そして、その進度チェックを綿密に実施しています。
50人未満の小規模事業場におけるストレスチェック実施は、「努力義務」のはずです。
〇なぜ、このようなことが惹起するのかを推測すると、
現在進行中の「ストレスチェック制度等のメンタルヘルス対策に関する検討会」におけるおもな論点が、
現在努力義務となっている50人未満の事業場へのストレスチェックの導入(義務化)だからです。
(参照)
〇ストレスチェック制度等のメンタルヘルス対策に関する検討会 第1回資料
1 目的
事業場におけるメンタルヘルス対策については、
メンタルヘルス不調の未然防止である一次予防の強化等の観点で、平成 27 年 12 月にストレスチェック制度が導入され、
当該制度の推進等を通じて、取組は進んできている。
一方で、精神障害の労災支給決定件数は、700 件超(令和4年度)と過去最も多くなっている。
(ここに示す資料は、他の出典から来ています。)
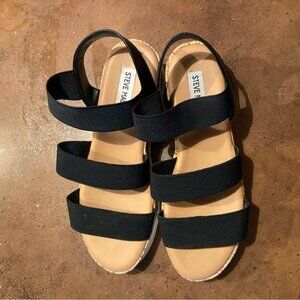 Steve Madden Black Strappy Sandals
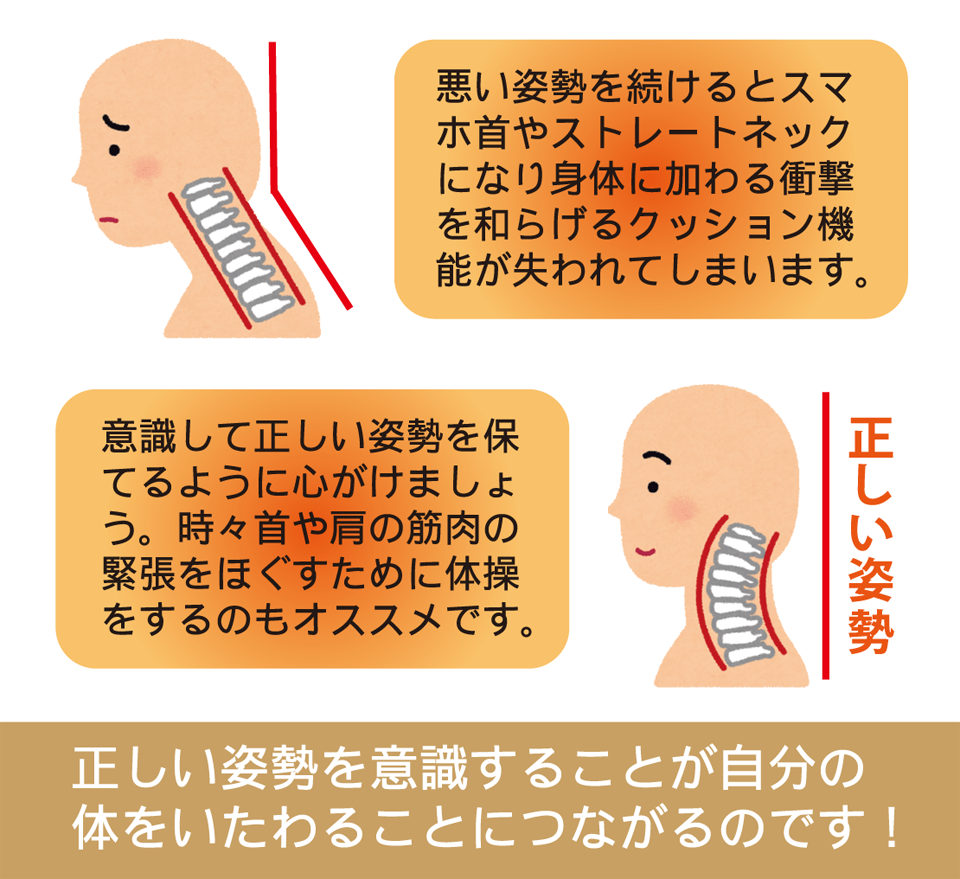 正しい姿勢が大切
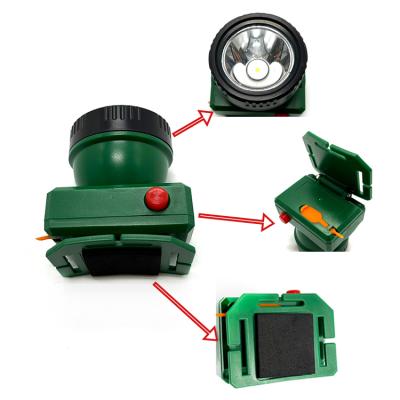 Κίνα Maintenance Mini Headlight Green Headlamp Wear Adjust Led Light Night προς πώληση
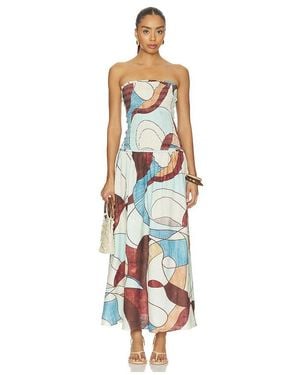 ROAME. Robe Maxi Millie En Baby, Taille Also En S, Xl - Blanc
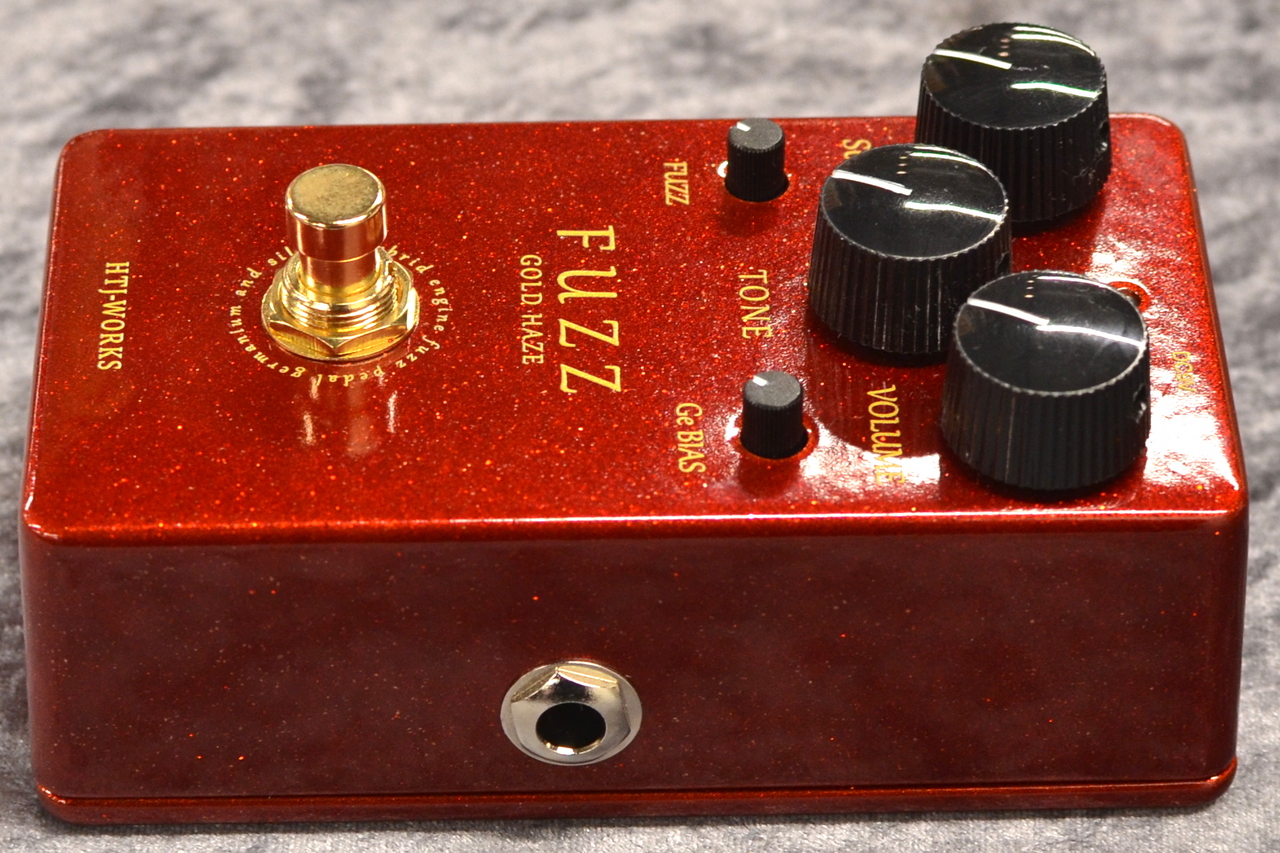 HTJ-WORKS GOLD HAZE FUZZ -Gelmanium & Silicon engine ～Candy Red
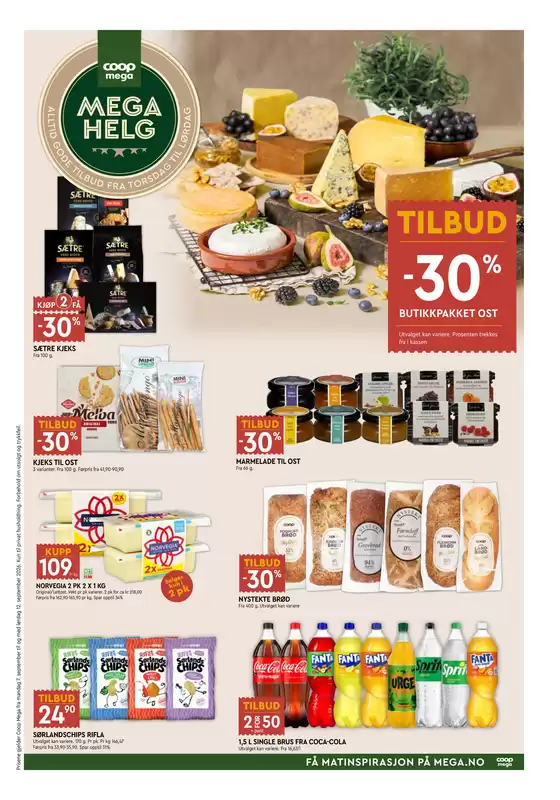 Coop Mega kundeavis i Bærum | Tilbud for kuppjegere | 2026-09-07T00:00:00.000Z - 2026-09-13T00:00:00.000Z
また、「労働安全衛生調査(実態調査)」によれば、メンタルヘルス不調により連続1か月以上休業又は退職した労働者がいる事業場割合は、
この3年間、約1割で推移しており、
労働者数 50 人未満の小規模事業場においては、メンタルヘルス対策に取り組む割合が
30~49人の事業場で73.1%、10~29 人で 55.7%(50 人以上の事業場においては91.1%)であり、未だ取組が低調である。
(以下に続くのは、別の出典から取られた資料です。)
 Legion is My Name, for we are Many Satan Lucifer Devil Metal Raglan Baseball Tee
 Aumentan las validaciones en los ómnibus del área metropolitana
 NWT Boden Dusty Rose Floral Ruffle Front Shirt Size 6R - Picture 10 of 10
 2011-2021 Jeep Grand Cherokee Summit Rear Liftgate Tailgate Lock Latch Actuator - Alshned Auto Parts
こうした中、「経済財政運営と改革の基本方針 2023(骨太の方針 2023)」(令和5年6月 16 日閣議決定)では、
「メンタルヘルス対策の強化等の働き方改革を一層進め」ることとされたところである。
また、労働安全衛生法の一部を改正する法律(平成 26 年法律第 82 号)の附則第7条において
「政府は、この法律の施行後五年を経過した場合において、改正後の労働安全衛生法の施行の状況について検討を加え、
必要があると認めるときは、その結果に基づいて必要な措置を講ずるものとする。」とされており、
平成 26 年改正労働安全衛生法の施行状況について議論された第 134 回労働政策審議会安全衛生分科会において、
今後、ストレスチェック制度について効果検証を行い検討していくべきであると指摘されている。
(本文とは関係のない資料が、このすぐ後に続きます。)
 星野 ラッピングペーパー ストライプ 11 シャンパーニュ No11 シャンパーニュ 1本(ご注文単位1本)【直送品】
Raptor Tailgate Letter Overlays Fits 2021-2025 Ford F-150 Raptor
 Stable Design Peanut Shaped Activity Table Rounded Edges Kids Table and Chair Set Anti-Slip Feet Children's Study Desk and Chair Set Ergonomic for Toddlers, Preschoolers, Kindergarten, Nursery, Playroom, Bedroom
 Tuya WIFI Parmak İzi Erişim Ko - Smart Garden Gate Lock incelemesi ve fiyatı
これらのことを踏まえて、ストレスチェック制度を含めたメンタルヘルス対策について、
実施状況等を踏まえながら検証するとともに、検証の結果必要なものについて対応を検討することとする。
2 検討内容
(1)ストレスチェック制度等のメンタルヘルス対策に関する検証等について
(2)事業場におけるメンタルヘルス対策について
(3)その他関連する事項について
〇 さらに、人事労務管理上のポイント③で述べている、「メンタルヘルス推進担当者」の選任も努力義務ですが、第14次労働災害防止計画のメンタルヘルス対策においても、メンタルヘルス推進担当者の選任を「事業場に対し確実に指導する」と記述しています。